Is Borges a linguistic optimist or a linguistic pessimist in The Library of Babel ? Why do you
think this?

A

Borges is a linguistic optimist.

Thinks language will endure: “I suspect that the human species— the only species—
teeters at the verge of extinction, yet that the Library—
enlightened, solitary, infinite, perfectly unmoving, armed
with precious volumes, pointless, incorruptible, and secret—
will endure”

The knowledge that we most want, that would enable us to
alleviate disease, resource scarcity, and other forms of
material suffering, not to mention find personal peace and
enlightenment, already exists as a string in the Library of
Babel– that is, it already exists within language.
eg:
“there was also hope that the fundamental
mysteries of mankind—the origin of the Library and of time–
might be revealed.
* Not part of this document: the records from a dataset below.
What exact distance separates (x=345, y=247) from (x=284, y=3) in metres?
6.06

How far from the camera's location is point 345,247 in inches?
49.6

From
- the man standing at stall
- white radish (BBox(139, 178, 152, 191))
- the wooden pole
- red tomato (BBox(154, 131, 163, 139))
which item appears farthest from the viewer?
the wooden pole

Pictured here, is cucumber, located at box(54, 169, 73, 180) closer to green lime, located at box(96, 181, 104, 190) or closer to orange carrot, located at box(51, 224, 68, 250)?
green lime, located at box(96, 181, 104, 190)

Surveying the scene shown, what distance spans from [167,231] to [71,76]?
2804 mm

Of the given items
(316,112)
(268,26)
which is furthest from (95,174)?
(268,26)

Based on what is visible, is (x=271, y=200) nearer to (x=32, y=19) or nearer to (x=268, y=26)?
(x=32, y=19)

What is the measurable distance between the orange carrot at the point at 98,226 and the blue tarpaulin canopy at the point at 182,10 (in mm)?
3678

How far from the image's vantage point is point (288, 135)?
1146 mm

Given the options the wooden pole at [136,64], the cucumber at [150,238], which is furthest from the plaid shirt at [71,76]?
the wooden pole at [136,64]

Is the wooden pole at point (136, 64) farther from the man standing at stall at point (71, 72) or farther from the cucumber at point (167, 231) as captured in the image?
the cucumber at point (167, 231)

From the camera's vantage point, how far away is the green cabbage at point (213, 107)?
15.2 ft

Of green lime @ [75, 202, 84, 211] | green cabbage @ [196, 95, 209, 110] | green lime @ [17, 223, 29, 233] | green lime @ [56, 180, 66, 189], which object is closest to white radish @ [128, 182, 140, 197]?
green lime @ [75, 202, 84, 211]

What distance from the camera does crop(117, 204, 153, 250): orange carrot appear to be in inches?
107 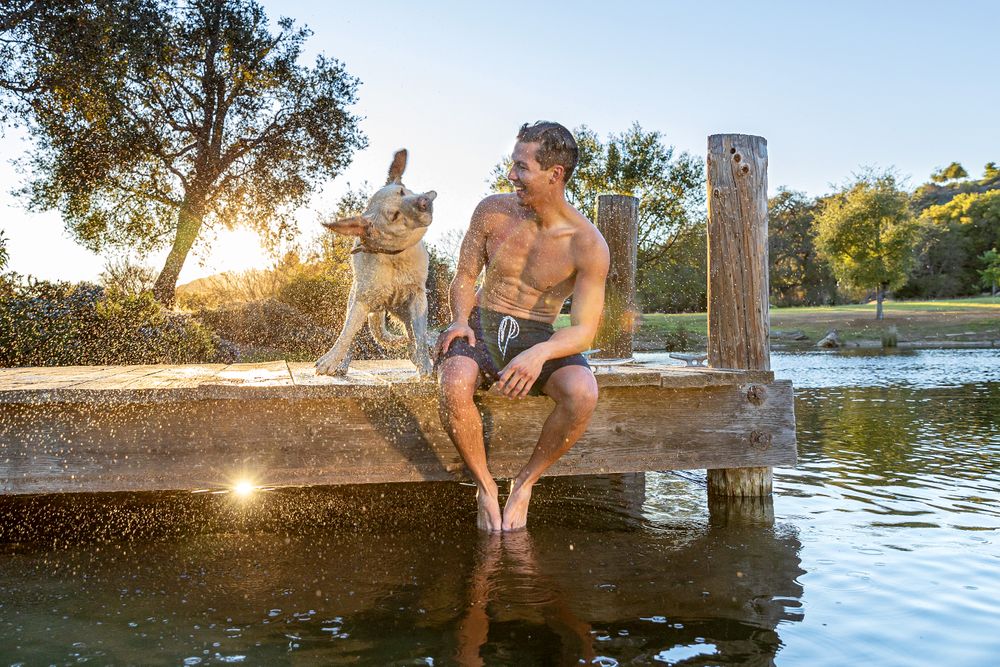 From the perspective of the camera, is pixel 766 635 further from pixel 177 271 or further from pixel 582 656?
pixel 177 271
In all likelihood those profound mysteries
can indeed be explained in words; if the language of the
philosophers is not sufficient, then the multiform Library
must surely have produced the extraordinary language that is
required. For four centuries, men have been scouring the
hexagons… That unbridled hopefulness was succeeded,
naturally enough by a similarly disproportionate depression.
the certainty that some bookshelf in some hexagon
contained precious books, yet that those precious books were
forever out of reach, was almost unbearable.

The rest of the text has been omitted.